Hoewel de treinkaartjes van NS volgend jaar minder in prijs stijgen dan eerder aangekondigd, houdt reizigersorganisatie Rover zorgen over de toegankelijkheid van het openbaar vervoer in Nederland. De organisatie wijst hierbij op de bezuinigingen op het ov in Amsterdam, Rotterdam en Den Haag, die dinsdag bekend werden. „Per saldo wordt het er voor de reiziger niet beter op.”

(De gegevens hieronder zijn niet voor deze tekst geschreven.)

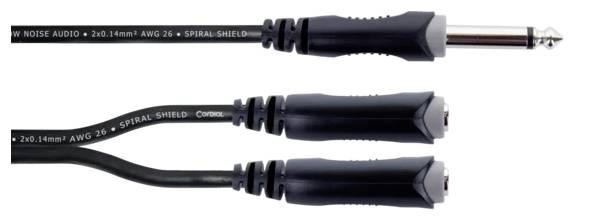 Audio Y-kabel s 6,35mm mono utikačem i dva 6,35mm ženska priključka. Tekst na kabelu prikazuje tehničke specifikacije.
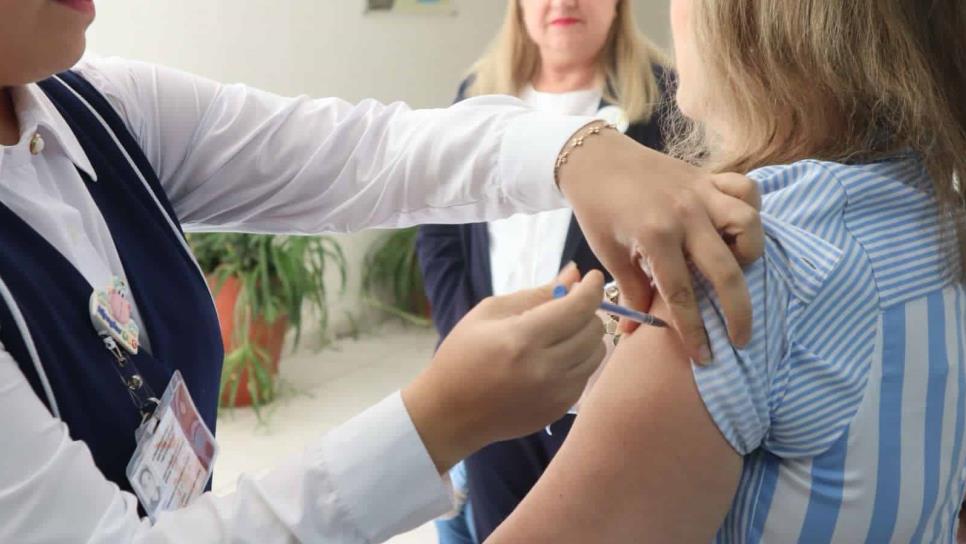 Inicia campaña de vacunación contra Covid-19 e influenza en Sinaloa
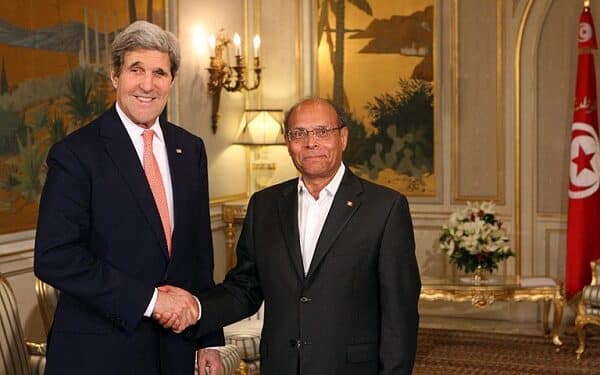 Le secrétaire d'Etat US John Kerry en visite surprise à Tunis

Het kabinet maakte dinsdag ook bekend dat NS-kaartjes in 2025 niet 12 procent, maar 6 procent duurder worden. Het ministerie van Infrastructuur en Waterstaat neemt 3 procentpunt van de prijsstijging op zich, de NS betaalt de overige 3 procentpunt. Eerder werd al duidelijk dat over deze constructie werd onderhandeld tussen de NS en het kabinet. De drie grote steden moeten wel flink bezuinigen op het ov. Vanaf 2026 moeten ze het doen met 110 miljoen euro minder.
„Een stijging van 6 procent is natuurlijk beter dan 12 procent, maar het is nog steeds heel erg veel”, reageert een woordvoerder van Rover op de prijsstijging van NS. „En in combinatie met die bezuinigingen in de grote steden maak ik me grote zorgen. Het kabinet zou juist moeten proberen meer mensen met het ov te laten gaan dan minder.”
Volgens Rover vragen de locaties die nu in beeld zijn voor nieuwbouwwoningen ook om goede ov-verbindingen. „Het is onlogisch om dan op het ov te gaan bezuinigen”, besluit de woordvoerder.